AIM OF THE EXERCISE:
The pictures are to be left out, and all remaining data is to be transcribed exactly as it appears.

(AVAILABLE DATA)

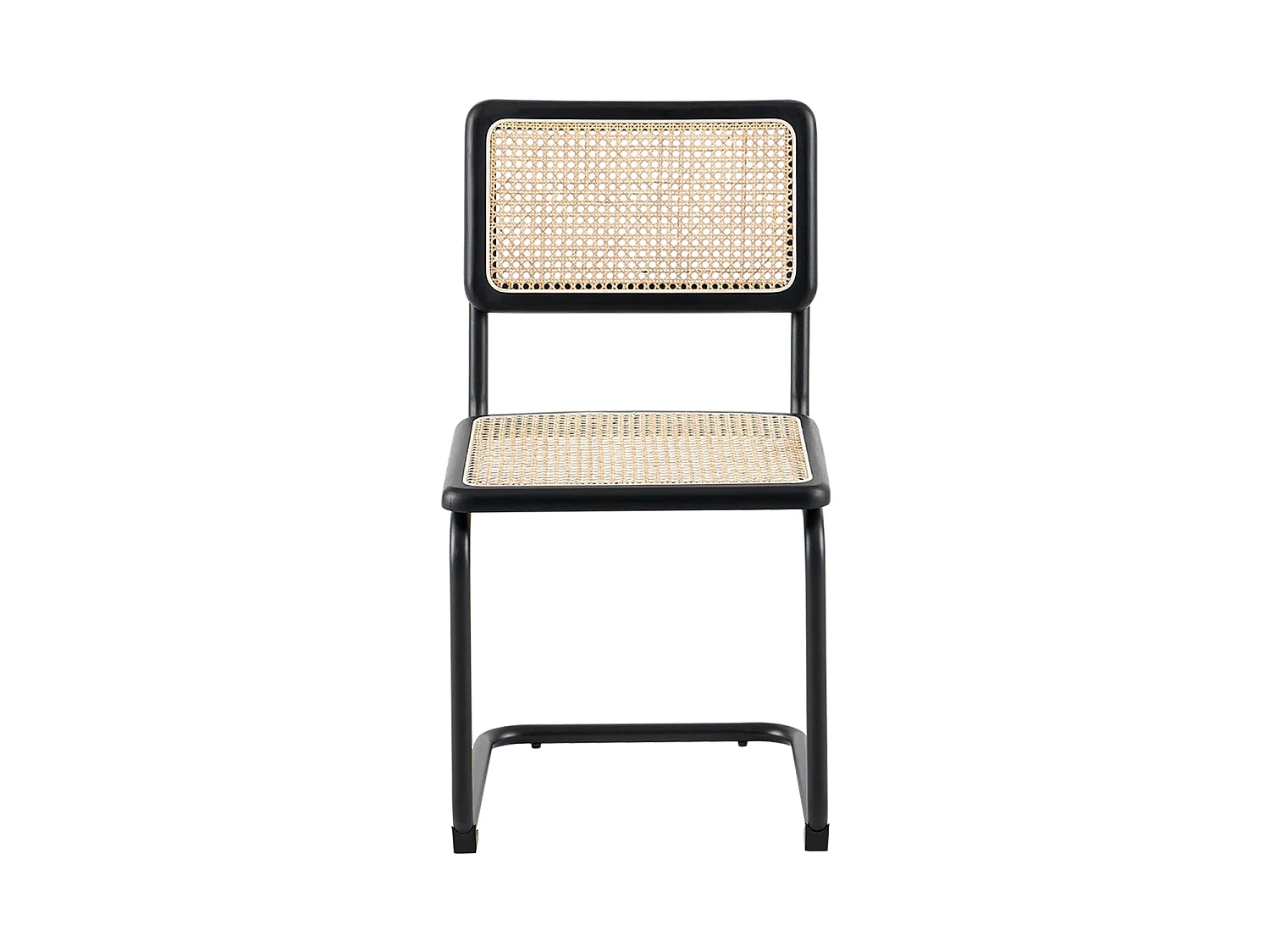 Set de 4 sillas de comedor en ratán karyn  negro para hogar moderno mueble de almacenaje  - Homekit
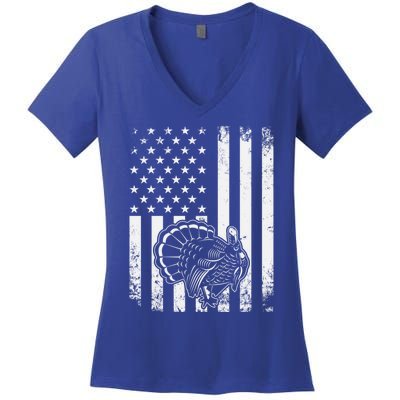 American Flag Turkey Hunting Turkey Hunter Funny Gift Women's V-Neck T-Shirt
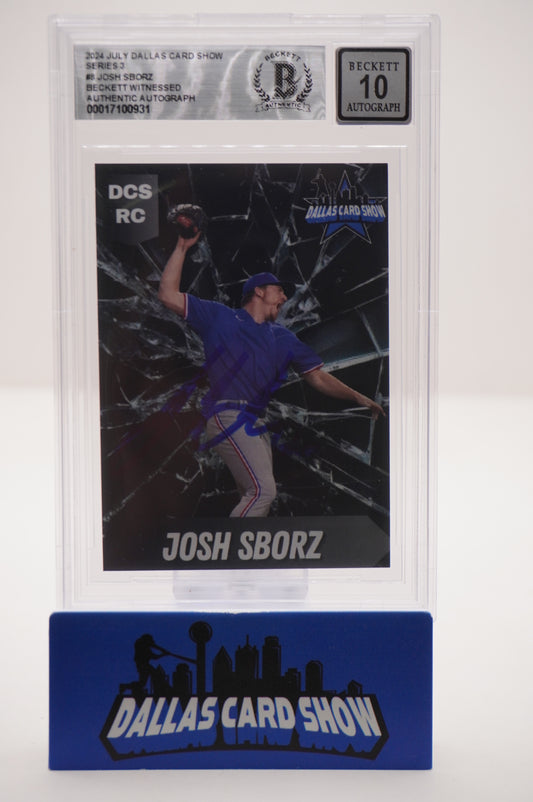 2024 JULY DALLAS CARD SHOW SERIES 3 #8 JOSH SBORZ BAS AUTHENTIC AUTO 10
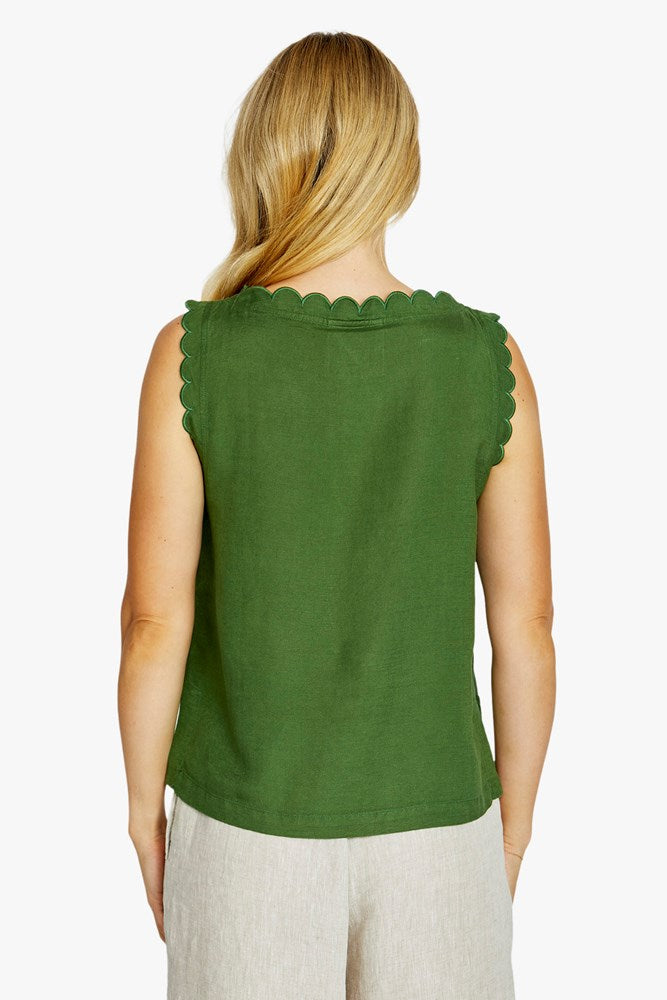 Load image into Gallery viewer, Pingpong Womens Oakley Scallop Trim Top - Agave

(End AVAILABLE DATA)

YOUR SOLUTION:
 Set de 4 sillas de comedor en ratán karyn  negro para hogar moderno mueble de almacenaje  - Homekit
 American Flag Turkey Hunting Turkey Hunter Funny Gift Women's V-Neck T-Shirt
 2024 JULY DALLAS CARD SHOW SERIES 3 #8 JOSH SBORZ BAS AUTHENTIC AUTO 10
 Load image into Gallery viewer, Pingpong Womens Oakley Scallop Trim Top - Agave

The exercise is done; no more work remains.